Holdco made no payments to Palmetto on the promissory note, although it agreed to make monthly interest payments of $29,333 on the note to protect its property from foreclosure.   When Palmetto intervened in the Gwinnett lawsuit, Holdco added a claim against Palmetto.   In the Gwinnett action, the trial court found that Palmetto, as SCI's lender, had a valid security interest in Holdco's properties, that Holdco must pay the mortgages, and that Holdco had benefitted directly from its retention and use of the loan proceeds.   The Gwinnett County trial court's ruling was appealed to this court and affirmed in Holdco, supra.

Holdco filed this action against Johnson, ADT, and MST in Fulton County.   The complaint sought recovery under eight counts:  three counts of breach of fiduciary duty, against Johnson, ADT and MST;  two counts of professional negligence, against ADT and MST;  one count against all defendants of fraud and aiding and abetting fraud;  one count seeking punitive damages against all defendants;  and one count seeking expenses of litigation and attorney fees under OCGA § 13-6-11.

ADT and MST filed motions for summary judgment, which the trial court granted in part and denied in part.   The trial court granted summary judgment to both firms as to Holdco's claim for breach of fiduciary duty and Holdco's claims for fraud and aiding and abetting fraud.   The trial court also granted summary judgment to MST on Holdco's claim for attorney fees and expenses and on Holdco's claim for punitive damages.   The trial court denied summary judgment to MST and ADT on their defenses of actual authority, apparent authority, and ratification.   The court found that Holdco had also stated a claim for civil conspiracy to defraud, but because the defendants had not moved “particularly” for summary judgment on this claim, it was not granted.

Case Nos. A04A0478, A04A0479

We note initially that although Holdco asserted claims for fraud, breach of fiduciary duty, and professional negligence, most, if not all, claims in the underlying action depend for their resolution primarily on whether Johnson was clothed with apparent authority to sell Holdco's assets in the transaction in issue.   Although we address each claim separately, our analysis focuses on Johnson's apparent authority.

1. Holdco first contends the trial court erred in granting summary judgment to MST and ADT on its claim for breach of fiduciary duty.   We do not agree.

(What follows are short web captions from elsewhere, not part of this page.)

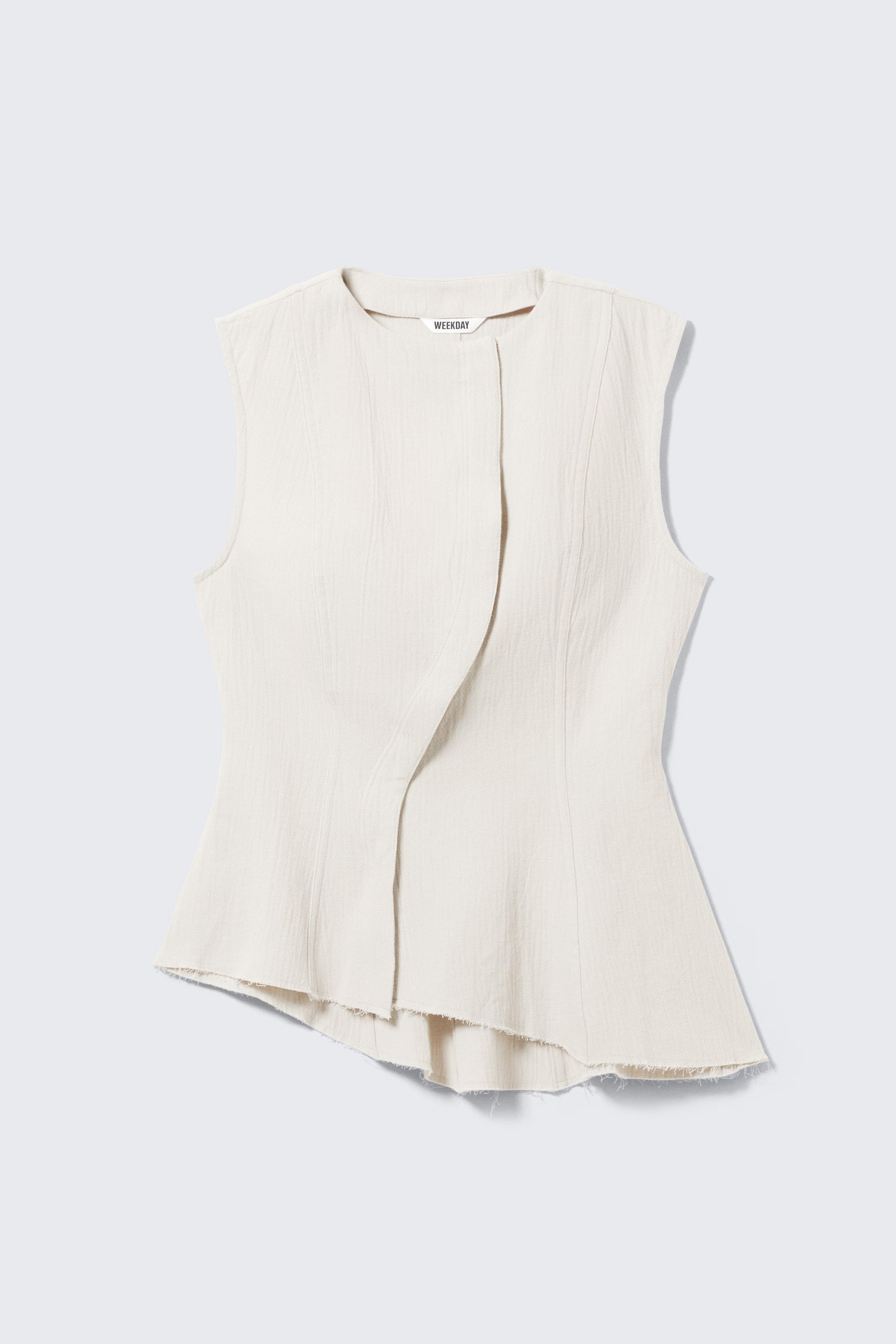 Haut péplum asymétrique sans manches | H&M (FR, IT, ES, PT, BE)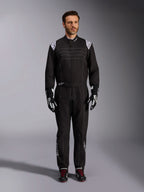Alpinestars KMX-9 V3-ställ, svart och vit kartingoverall, helfigur på en modell, med vita axellogotyper och detaljer, stylad med svarta och vita racinghandskar och svarta skor med röda skosnören, athletic-regular passform för professionell kartingutrustning.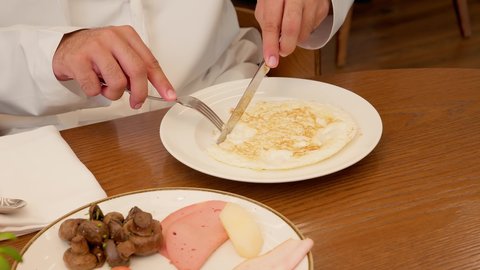 Spending a good time in the restaurant, a close-up shot of an Emirati Gulf Arab man wearing a kandura enjoying a meal of eggs, holding a knife and fork while eating, with a calm and comfortable breakfast atmosphere.
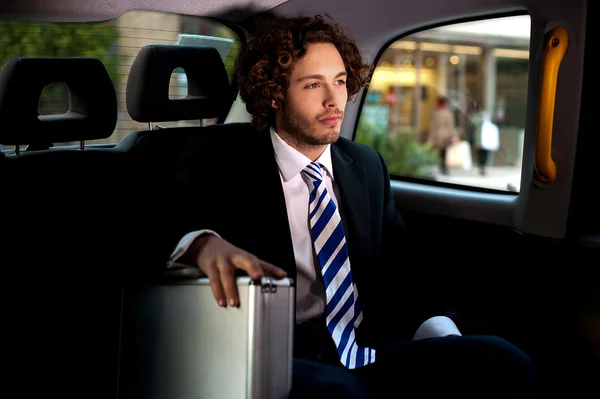 Handsome businessman inside taxi cab — Stock Photo, Image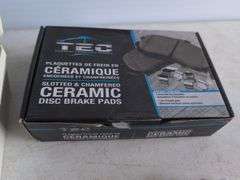 Dymo label maker kit, rolling ruler, and ceramic disc brake pads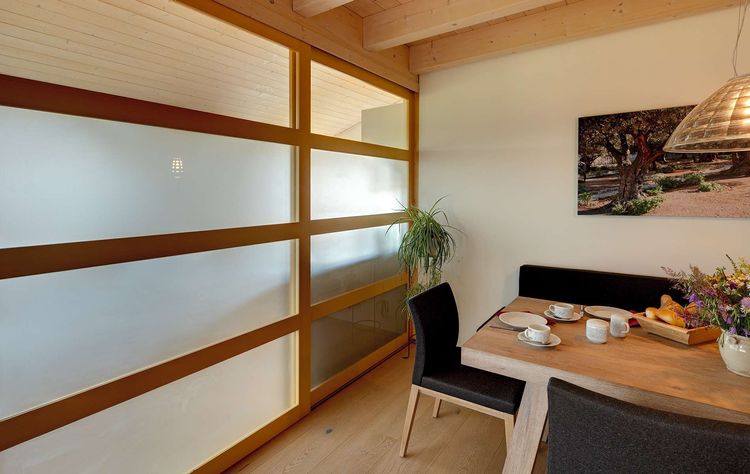 Das Holz-Glas-Schiebeelement des modernen Holzhauses im Landhausstil auf einem Hanggrundstück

 (a) OCGA § 23-2-58 provides that a relationship is deemed confidential when “one party is so situated as to exercise a controlling influence over the will, conduct and interest of another or where, from a similar relationship of mutual confidence, the law requires the utmost good faith, such as the relationship between partners, principal and agent, etc.”   It is well established that “[t]he party asserting the existence of a confidential relationship has the burden of establishing its existence.”   (Citation and footnote omitted.)  Canales v. Wilson Southland Ins. Agency, 261 Ga.App. 529, 531, 583 S.E.2d 203 (2003).   Of course, ADT's legal representation of Holdco created a fiduciary relationship between them.   D.C. Joel, Attorney at Law, P.C. v. Chastain, 254 Ga.App. 592, 595-596, 562 S.E.2d 746 (2002).

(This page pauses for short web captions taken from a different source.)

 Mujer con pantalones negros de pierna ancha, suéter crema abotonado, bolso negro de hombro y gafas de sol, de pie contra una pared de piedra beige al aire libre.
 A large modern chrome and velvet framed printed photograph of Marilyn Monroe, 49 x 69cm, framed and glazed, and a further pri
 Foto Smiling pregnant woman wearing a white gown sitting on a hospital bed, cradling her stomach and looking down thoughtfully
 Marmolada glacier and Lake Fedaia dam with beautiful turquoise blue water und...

 Holdco's argument on its claim against ADT for breach of fiduciary duty is based upon the allegation that ADT failed to disclose information regarding the transaction to Walther, “RW Holdco's owner.”   But ADT did make the proper disclosures, albeit to Johnson and Holdco's apparent parent company, the AG company.   Over the approximately two years ADT had been dealing with Holdco, the firm conducted its legal services for Holdco in the same manner.   All matters were cleared through Johnson, whom Walther, according to Walther's own testimony, had clothed with authority to conduct business for Holdco.   “Apparent authority is that which the principal's conduct leads a third party reasonably to believe the agent has;  it creates an estoppel allowing third parties to bind a principal to the agent's acts on account of the principal's conduct, reasonably construed by third parties acting in innocent reliance thereon.”  (Citation and punctuation omitted.)  Bresnahan v. Lighthouse Mission, 230 Ga.App. 389, 391(1), 496 S.E.2d 351 (1998).   During this time period, Walther was not a member of the board of directors of the AG company;  he did not have authority to act for Holdco or approve or authorize transactions.   Instead, he held out Johnson as Holdco's authorized agent and the AG company as Holdco's parent company.   ADT relied upon that apparent authority.

Relying on the information it was given, ADT exercised prudence and caution in verifying the sale of Holdco's assets with the AG company, which it still believed was Holdco's parent corporation.   In fact, Walther intentionally withheld from ADT the information that he had changed the corporate structure, that the AG corporation had been dissolved and was no longer the sole shareholder of Holdco, and that he now exercised control.   Indeed, if concealment of material facts is an issue in this case, it is Holdco's own concealment of the material facts that caused the problem.   Failure to check with Walther regarding the transaction was attributable entirely to Walther's failure to notify or inform ADT that the situation had changed.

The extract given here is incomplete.